→ Task brief:
Repeat only the lines between the one with "Funny Cows - Coffin" and the end of the material below, both ends included. Omit any picture.

→ Data extract:

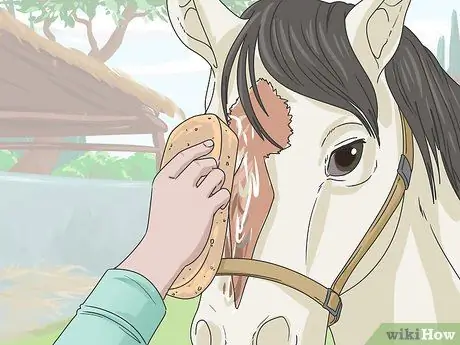 Очистить лошадь Шаг 12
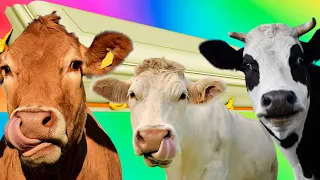 Funny Cows - Coffin Dance Song *PART 3* (COVER)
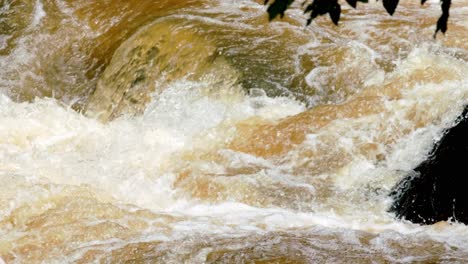 a tributary in the brazilian rainforest is replenished by needed rain during a drought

→ Answer for this exercise:
 Funny Cows - Coffin Dance Song *PART 3* (COVER)
 a tributary in the brazilian rainforest is replenished by needed rain during a drought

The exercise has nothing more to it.